Some brave moves have been made on this album. Some tracks stretch to around the 10 minute mark, but rather than dragging, epics like ‘Light Round Here’ merely allow Ed’s linguistic tapestries to be given the detailed lifespans that they fully deserve, with Lamplighter’s captivating, haunting scores matching every step of the veiled narrative.
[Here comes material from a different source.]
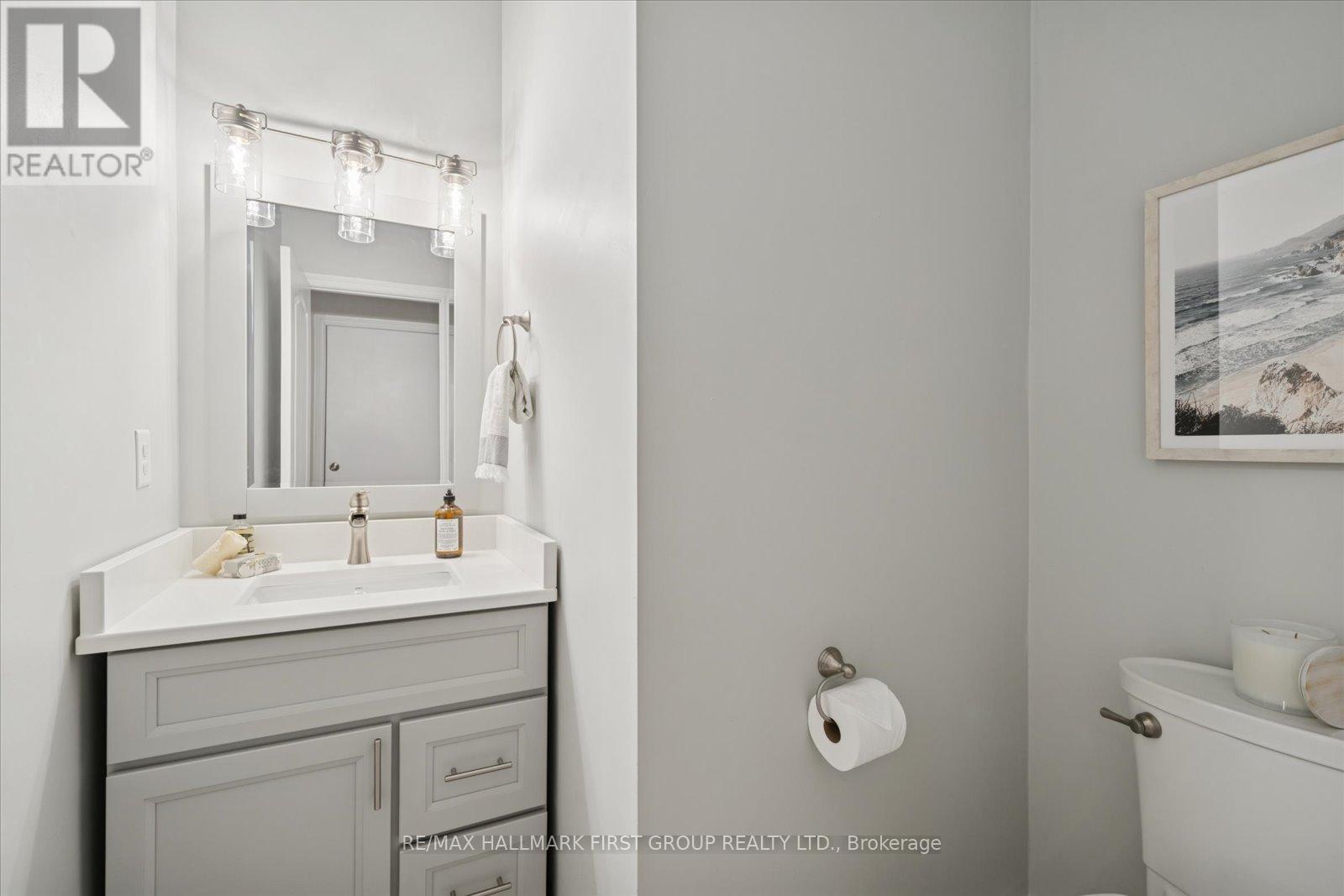 19 Elder Crescent, Whitby, ON - Indoor Photo Showing Bathroom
Though Ed’s bars have never been about flashy rhythms, tracks like ‘Grandzeen’ and ‘Week’ stray closer to pure spoken word than most rappers would dare, the former accompanied by hazy, freeform piano and the latter an album highlight and a true showcase of both men’s talents.
Edward Scissortongue’s releases are always a great many shades darker both lyrically and musically than almost anything else on the hip-hop circuit, but with Tell Them It’s Winter he seems to have taken his Lamp(lighter) and journeyed further down into the disturbing depths, to devastating effect. ‘Any Infrastructure’ is almost tear-inducing in its darkness, and even the rare, surprisingly direct chorus of ‘The Dust Don’t Lay’ does not settle the unease that hangs thick above this release. Mentions of drug use are frequent, but far from the all too common bragging found in much of UK hip-hop, Ed Scissor’s bars mention narcotics as part of gritty and bitterly unhappy tales.
By creating possibly the most immersive, emotive release to come out the UK hip-hop scene in Tell Them It’s Winter, Edward Scissortongue and Lamplighter have once again proven that their styles fit together like a hand into a black, velvet glove. But amongst all the darkness in life that this collection of songs describes, the album itself is a startling light.